## EXERCISE DETAILS
Word for word, restate the lines from the one containing "Priscilla Gown •" through the last line of the material, and include no pictures.

## DATASET SECTION
*** Block opens ***
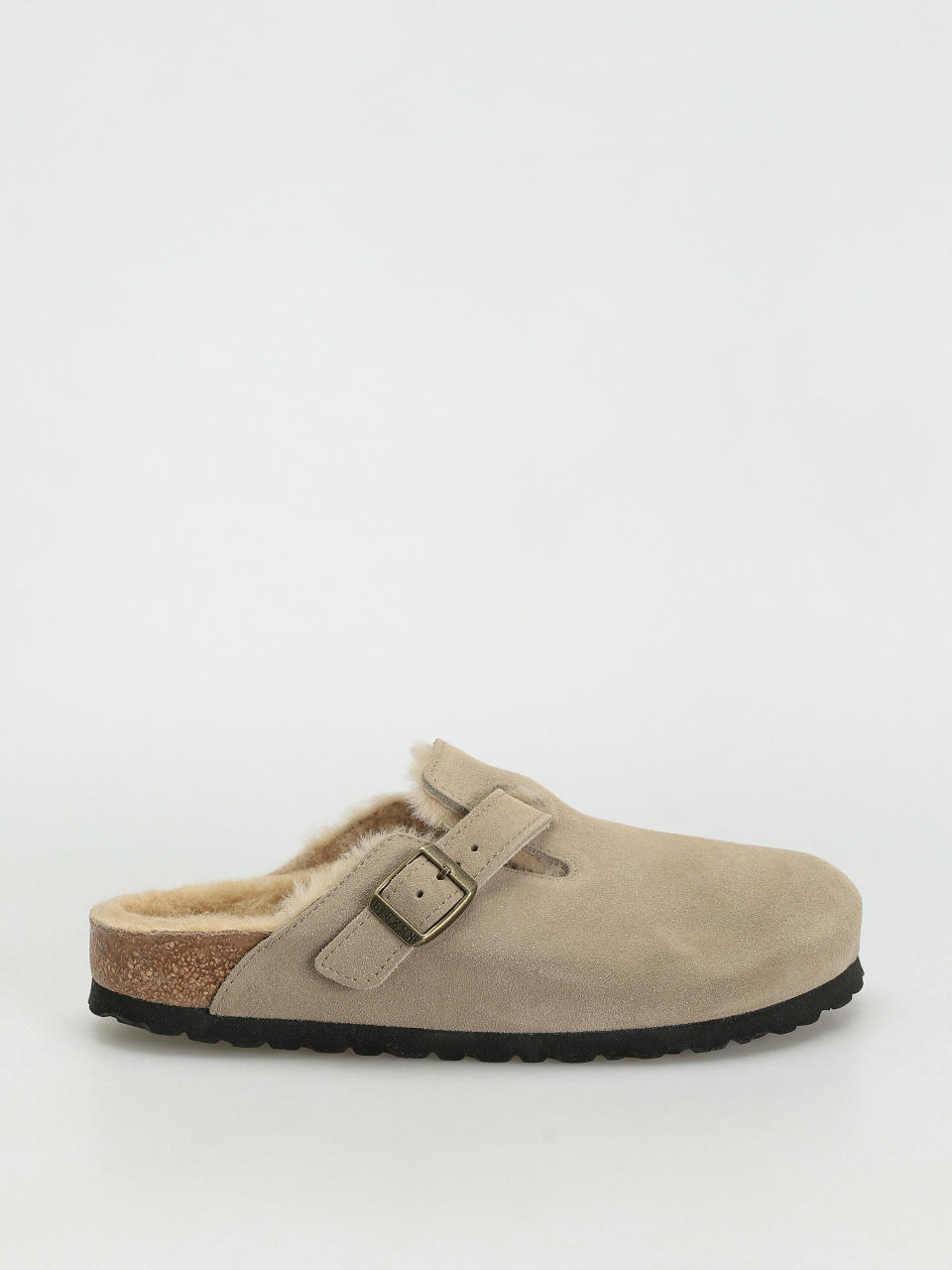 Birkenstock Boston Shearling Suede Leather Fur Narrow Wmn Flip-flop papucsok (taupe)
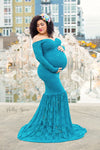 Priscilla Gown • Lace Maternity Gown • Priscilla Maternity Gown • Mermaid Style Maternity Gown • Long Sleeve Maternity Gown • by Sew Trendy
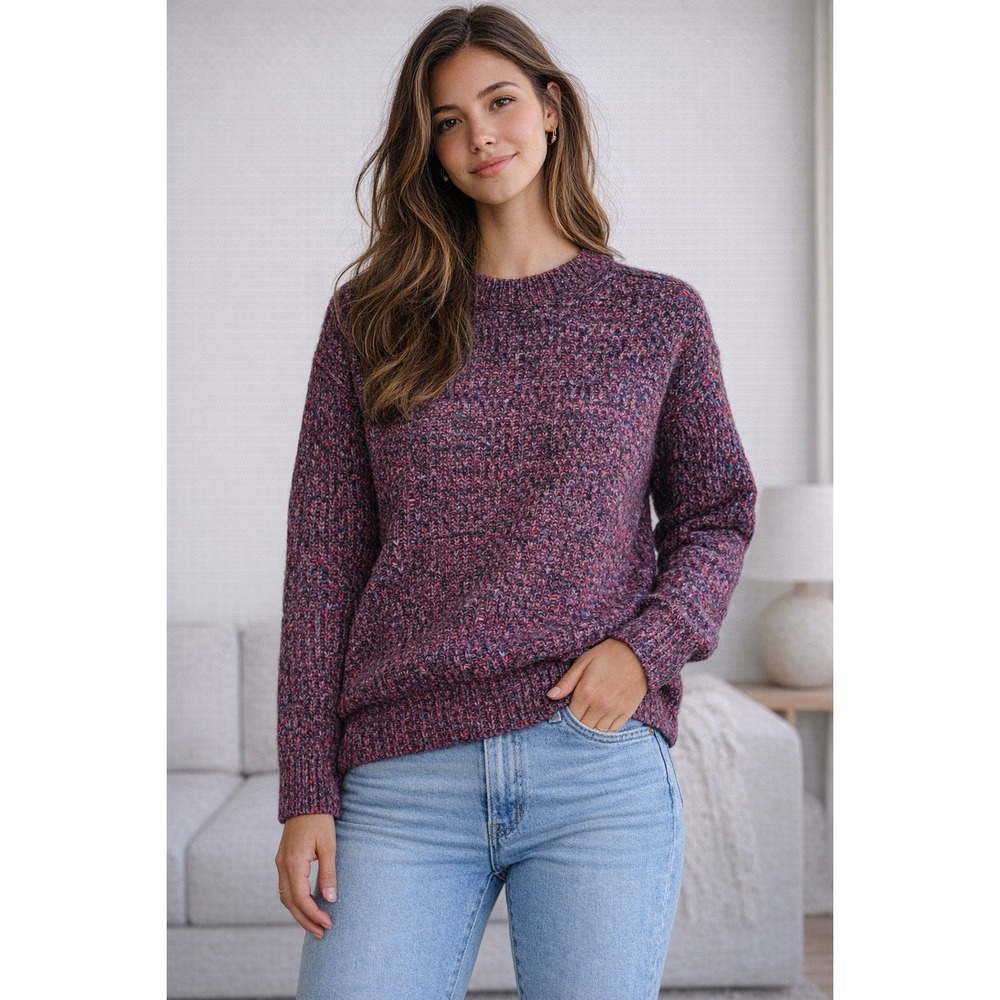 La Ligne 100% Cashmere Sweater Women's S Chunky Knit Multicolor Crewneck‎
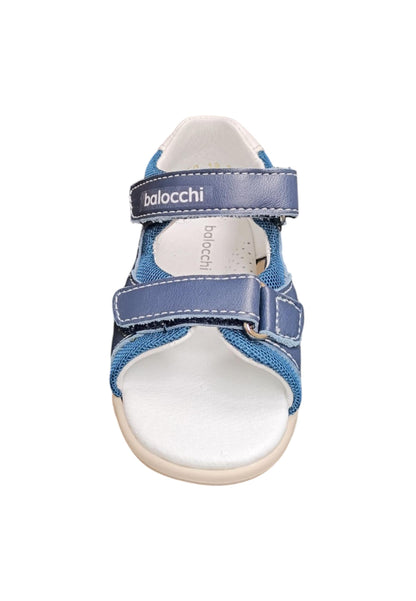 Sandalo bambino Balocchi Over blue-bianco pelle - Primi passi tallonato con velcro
*** Block closes ***
## EXERCISE RESPONSE
 Priscilla Gown • Lace Maternity Gown • Priscilla Maternity Gown • Mermaid Style Maternity Gown • Long Sleeve Maternity Gown • by Sew Trendy
 La Ligne 100% Cashmere Sweater Women's S Chunky Knit Multicolor Crewneck‎
 Sandalo bambino Balocchi Over blue-bianco pelle - Primi passi tallonato con velcro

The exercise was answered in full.